#### Data to use
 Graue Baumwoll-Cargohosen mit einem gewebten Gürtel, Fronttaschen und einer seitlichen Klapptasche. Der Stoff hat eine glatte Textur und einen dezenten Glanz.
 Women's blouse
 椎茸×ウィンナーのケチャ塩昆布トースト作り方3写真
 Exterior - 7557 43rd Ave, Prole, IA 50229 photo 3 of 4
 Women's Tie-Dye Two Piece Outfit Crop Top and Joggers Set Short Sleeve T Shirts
########
#### Data to use
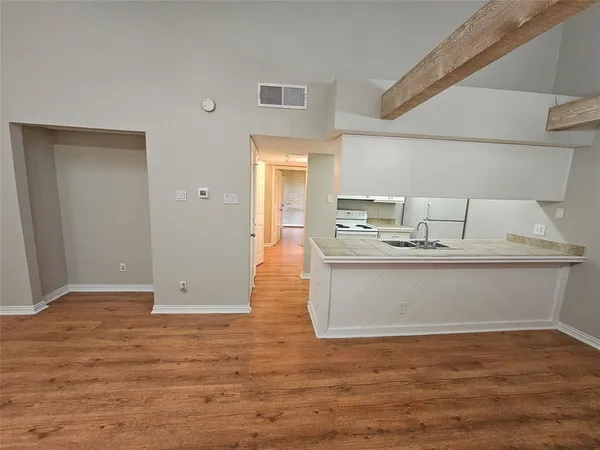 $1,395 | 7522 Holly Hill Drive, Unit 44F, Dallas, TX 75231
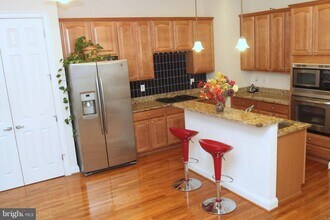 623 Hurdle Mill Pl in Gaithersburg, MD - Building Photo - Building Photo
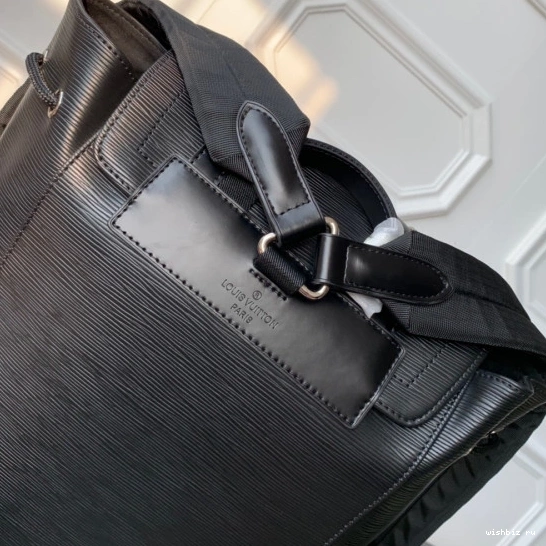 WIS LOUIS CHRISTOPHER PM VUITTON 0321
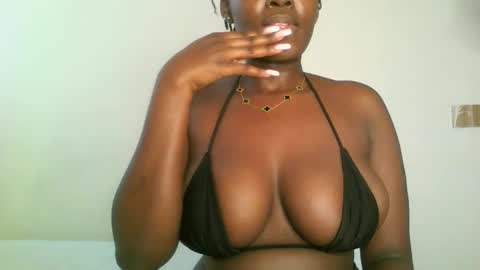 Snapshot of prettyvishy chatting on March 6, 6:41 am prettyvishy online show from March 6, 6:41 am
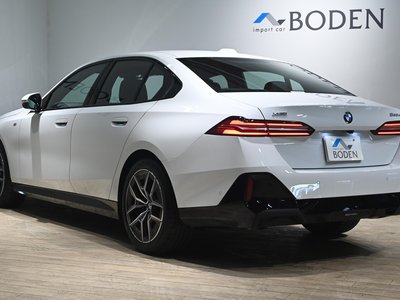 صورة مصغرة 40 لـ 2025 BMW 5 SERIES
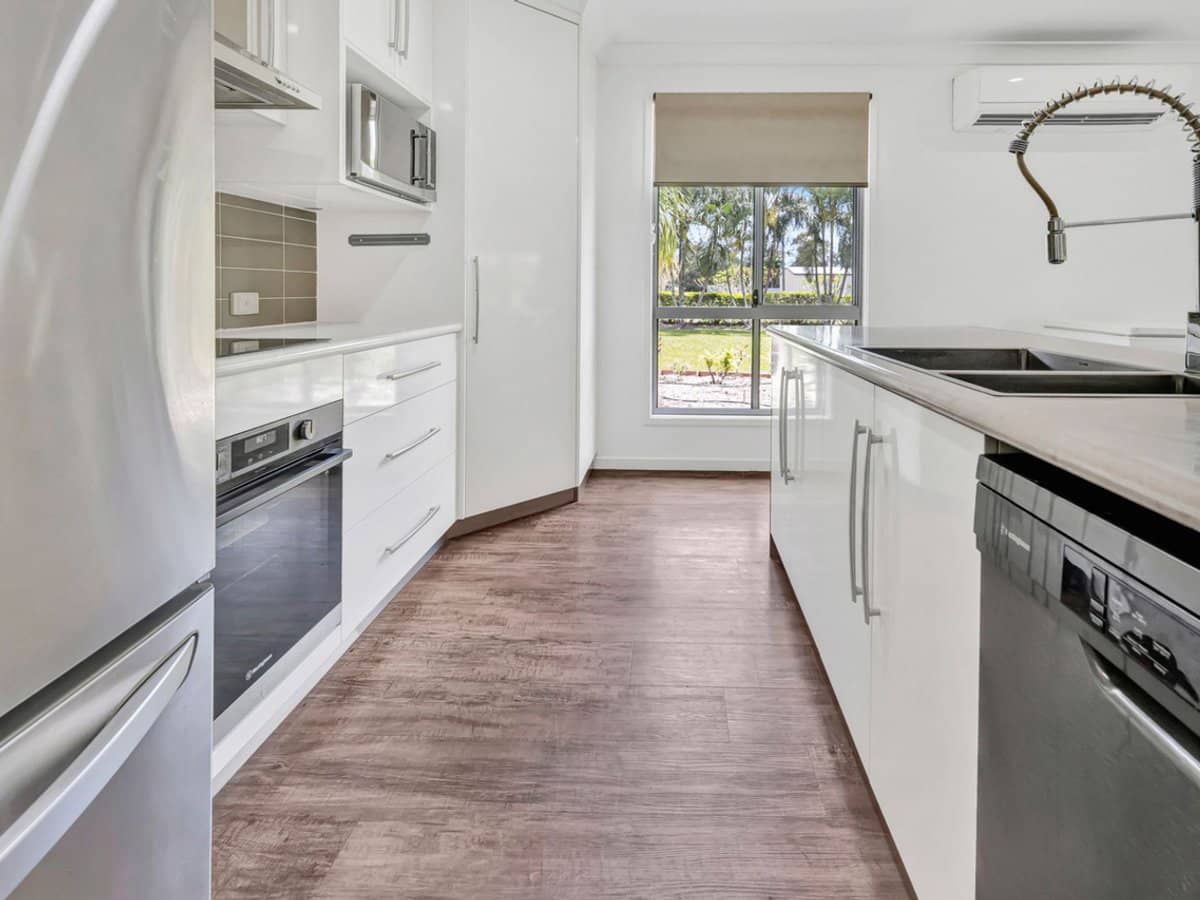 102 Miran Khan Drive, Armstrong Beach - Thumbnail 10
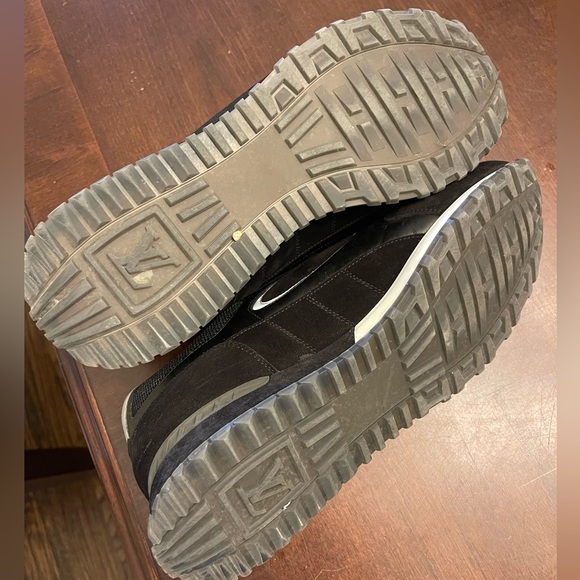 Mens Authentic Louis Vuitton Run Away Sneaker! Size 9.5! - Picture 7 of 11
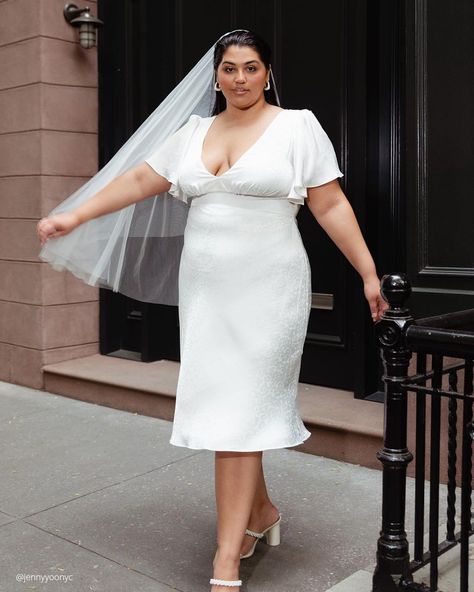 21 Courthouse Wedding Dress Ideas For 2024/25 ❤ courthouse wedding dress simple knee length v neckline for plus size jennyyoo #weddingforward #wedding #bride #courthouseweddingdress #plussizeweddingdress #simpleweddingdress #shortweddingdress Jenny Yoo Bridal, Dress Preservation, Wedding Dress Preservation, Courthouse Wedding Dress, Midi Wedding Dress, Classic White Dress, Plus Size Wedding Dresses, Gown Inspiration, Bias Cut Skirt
########
#### Data to use
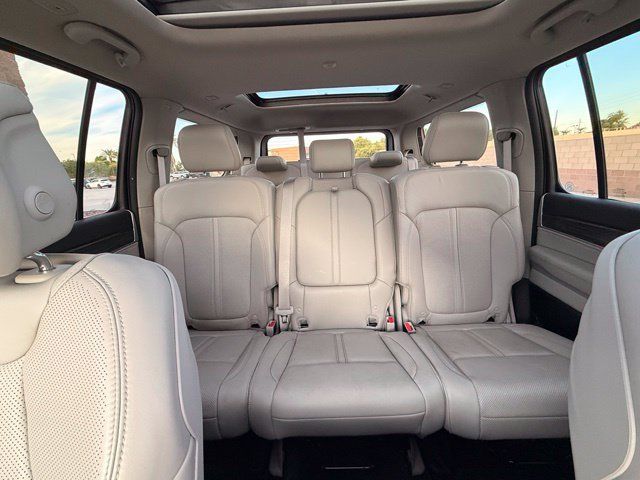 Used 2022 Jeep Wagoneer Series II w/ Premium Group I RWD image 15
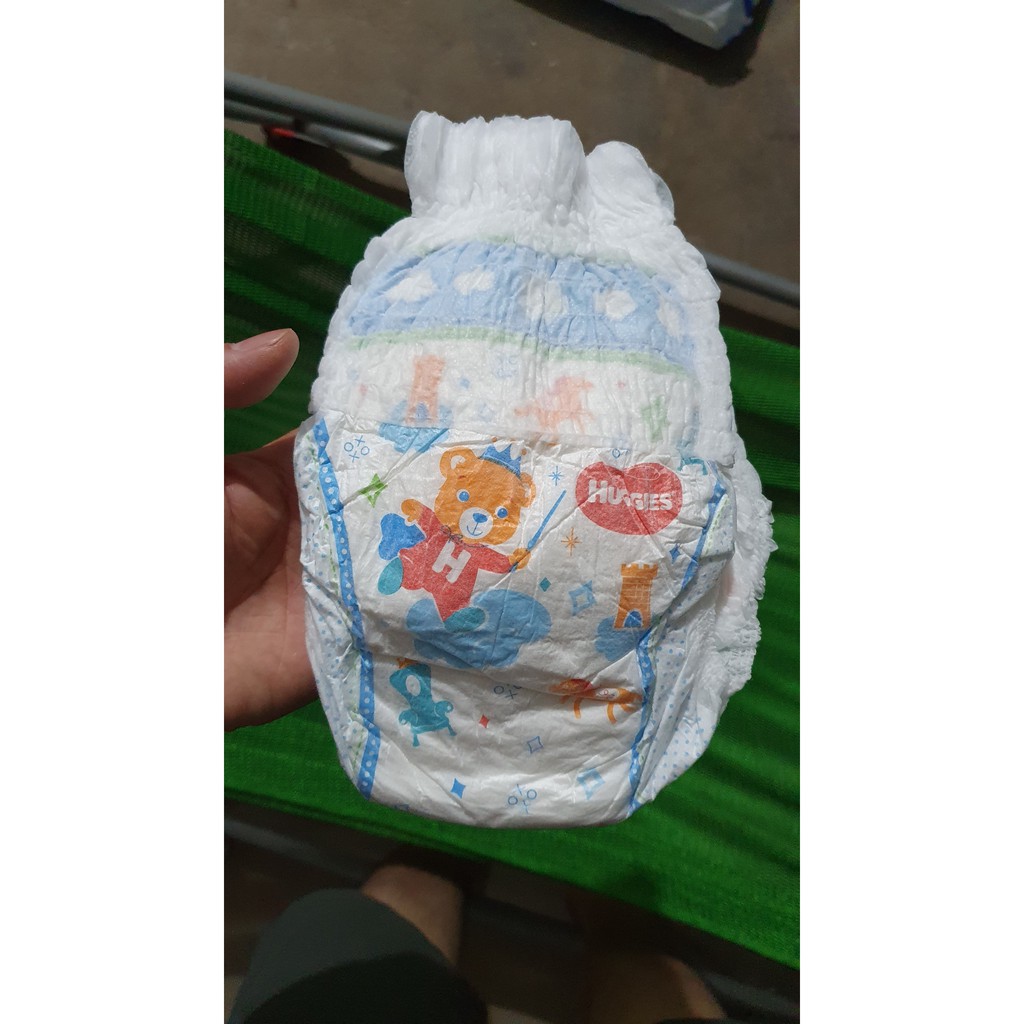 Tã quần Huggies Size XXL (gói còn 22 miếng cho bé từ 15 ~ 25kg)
########
## Task to carry out
Return a word-for-word copy of the lines above from the one holding "Graue Baumwoll-Cargohosen mit" through the one holding "Exterior - 7557", with both of them included and nothing besides.

## Written solution
 Graue Baumwoll-Cargohosen mit einem gewebten Gürtel, Fronttaschen und einer seitlichen Klapptasche. Der Stoff hat eine glatte Textur und einen dezenten Glanz.
 Women's blouse
 椎茸×ウィンナーのケチャ塩昆布トースト作り方3写真
 Exterior - 7557 43rd Ave, Prole, IA 50229 photo 3 of 4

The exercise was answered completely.